Issue: Facebook provides confusing information about the distinction between account deactivation – whereby personal information is held in digital storage – and deletion – whereby personal information is actually erased from Facebook servers. As well, Facebook should implement a retention policy under which the personal information of users who have deactivated their accounts will be deleted from the site’s servers after a reasonable length of time.

Response: Facebook has agreed to make it clear to users that they have the option of either deactivating their account or deleting their account. This distinction will be explained in Facebook’s privacy policy and users will receive a notice about the delete option during the deactivation process.
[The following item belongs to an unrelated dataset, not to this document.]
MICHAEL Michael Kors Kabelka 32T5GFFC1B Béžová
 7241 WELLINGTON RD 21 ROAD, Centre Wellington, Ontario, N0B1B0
While we asked for a retention policy, we looked at the issue again and considered what Facebook was proposing. We determined the company’s approach – providing clarity about the options, offering a clear choice, and alleviating the confusion – is acceptable because it will allow users to make informed decisions about how their personal information is to be handled.

....

4. Accounts of Deceased Users

Issue: People should have a better way to provide meaningful consent to have their account “memorialized” after their death. As such, Facebook should be clear in its privacy policy that it will keep a user’s profile online after death so that friends can post comments and pay tribute.

Response: Facebook agreed to change the wording in its privacy policy to explain what will happen in the event of a user’s death."

Pangloss is mildly amused that only two years after she, Ian Brown and Chris Marsden presented a paper highlighting the privacy and security issues around the use of third party apps on Facebook, changes are finally being made.

The interesting issue will be if these changes are only made for Facebook in Canada or applied worldwide; similar legal pressure has not, it seems, being exerted in other jurisdictions such as the UK and the US - but there has certainly been concern over the repeated use of third party apps as an easy way to collect personal data for fraudulent or criminal purposes, or to spread malware. One might speculate that if FB are investing in developing new more privacy-compliant code it might as well install it system-wide given the PR advantages and the fact that FB's growth appears to have peaked (the rate of growth has been declining since about January 08). Chris Soghoian on Twitter seems to indicate the changes will be worldwide. If so, the Canadians have certainly done us all a favour.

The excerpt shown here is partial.